Core Concepts
A highly optimized parallel implementation of the Louvain algorithm for community detection in large graphs, achieving up to 50x speedup over state-of-the-art approaches.
Abstract
The content presents a parallel implementation of the Louvain algorithm, called GVE-Louvain, for efficient community detection in large graphs. Key highlights:
GVE-Louvain employs several optimizations to improve performance, including:
Asynchronous computation
Parallel prefix sum and preallocated Compressed Sparse Row (CSR) data structures for identifying community vertices and storing the super-vertex graph
Fast collision-free per-thread hash tables for the local-moving and aggregation phases
Aggregation tolerance to avoid unnecessary aggregation phases
Established techniques like OpenMP's dynamic loop schedule, limiting iterations per pass, threshold-scaling optimization, and vertex pruning
Evaluation on a server with dual 16-core Intel Xeon Gold 6226R processors shows that GVE-Louvain outperforms other state-of-the-art Louvain implementations by 50x, 22x, and 20x on average, achieving a processing rate of 560 million edges/s on a 3.8 billion edge graph.

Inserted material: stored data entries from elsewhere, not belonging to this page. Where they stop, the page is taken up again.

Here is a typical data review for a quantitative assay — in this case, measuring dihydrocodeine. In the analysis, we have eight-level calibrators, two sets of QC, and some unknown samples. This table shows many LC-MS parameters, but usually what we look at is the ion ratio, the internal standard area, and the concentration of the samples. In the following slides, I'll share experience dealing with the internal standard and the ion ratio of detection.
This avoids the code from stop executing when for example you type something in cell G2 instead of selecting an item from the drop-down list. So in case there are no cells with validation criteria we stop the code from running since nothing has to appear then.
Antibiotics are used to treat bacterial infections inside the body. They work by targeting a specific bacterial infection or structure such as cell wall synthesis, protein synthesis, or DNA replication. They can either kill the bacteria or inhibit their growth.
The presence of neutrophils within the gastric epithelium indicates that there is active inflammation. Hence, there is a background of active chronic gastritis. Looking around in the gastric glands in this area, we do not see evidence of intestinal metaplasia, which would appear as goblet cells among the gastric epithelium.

GVE-Louvain also exhibits a 1.6x performance improvement for every doubling of threads, demonstrating its scalability on shared memory systems.
Stats
The total number of vertices (|V|) ranges from 3.07 million to 214 million, and the total number of edges (|E|) ranges from 25.4 million to 3.8 billion across the evaluated graphs.
Quotes
"GVE-Louvain outperforms Vite, Grappolo, and NetworKit Louvain by 50×, 22×, and 20× respectively - achieving a processing rate of 560𝑀edges/s on a 3.8𝐵edge graph."
"GVE-Louvain improves performance at an average rate of 1.6× for every doubling of threads."